> TASK REQUIREMENTS: Could you transcribe all of the data exactly and skip any pictures?

> RECORDS FOR THIS TASK:
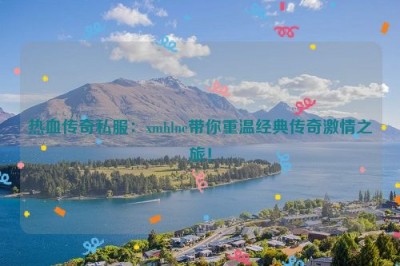 热血传奇私服：xmhlne带你重温经典传奇激情之旅！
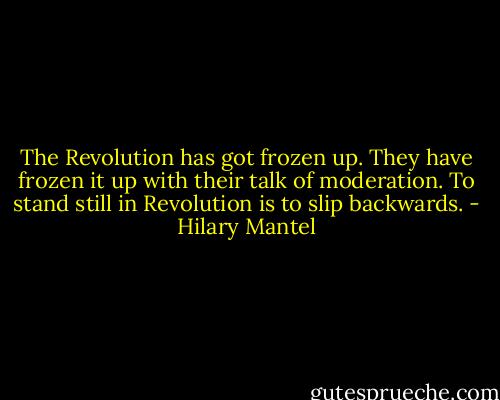 The Revolution has got frozen up. They have frozen it up with their talk of moderation. To stand still in Revolution is to slip backwards. - Hilary Mantel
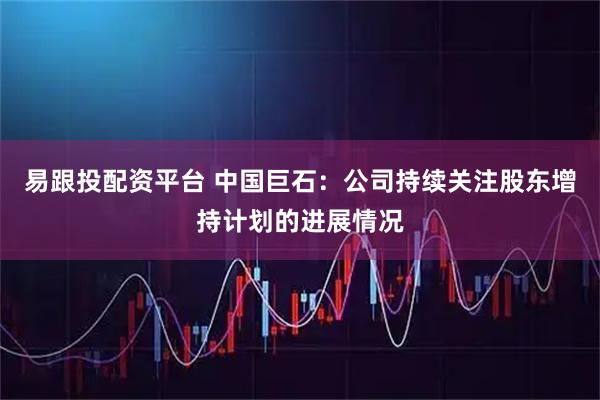 易跟投配资平台 中国巨石：公司持续关注股东增持计划的进展情况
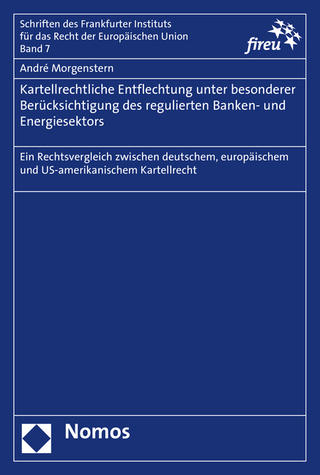 Kartellrechtliche Entflechtung unter besonderer Berücksichtigung des regulierten Banken- und Energiesektors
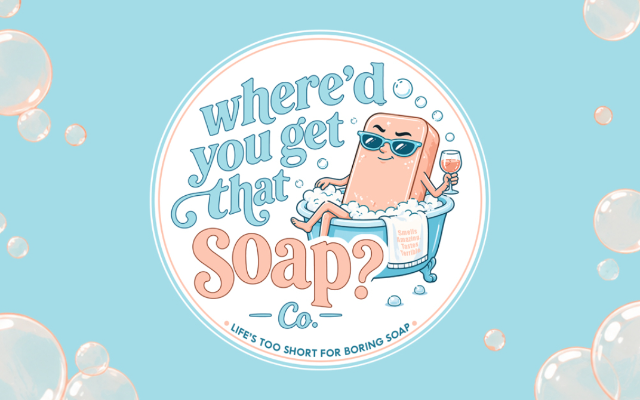 Where’d You Get That Soap?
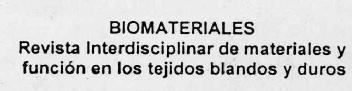 BIOMATERIALES REVISTA INTERDISCIPLINAR DE MATERIALES Y FUNCION EN LOS TEJIDOS BLANDOS Y DUROS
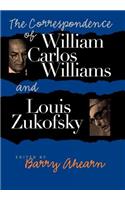 Correspondence of William Carlos Williams & Louis Zukofsky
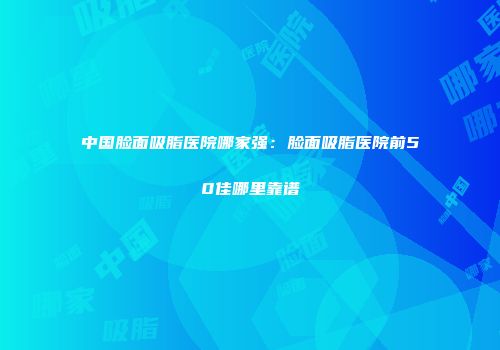 中国脸面吸脂医院哪家强：脸面吸脂医院前50佳哪里靠谱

> ANSWER AREA:
 热血传奇私服：xmhlne带你重温经典传奇激情之旅！
 The Revolution has got frozen up. They have frozen it up with their talk of moderation. To stand still in Revolution is to slip backwards. - Hilary Mantel
 易跟投配资平台 中国巨石：公司持续关注股东增持计划的进展情况
 Kartellrechtliche Entflechtung unter besonderer Berücksichtigung des regulierten Banken- und Energiesektors
 Where’d You Get That Soap?
 BIOMATERIALES REVISTA INTERDISCIPLINAR DE MATERIALES Y FUNCION EN LOS TEJIDOS BLANDOS Y DUROS
 Correspondence of William Carlos Williams & Louis Zukofsky
 中国脸面吸脂医院哪家强：脸面吸脂医院前50佳哪里靠谱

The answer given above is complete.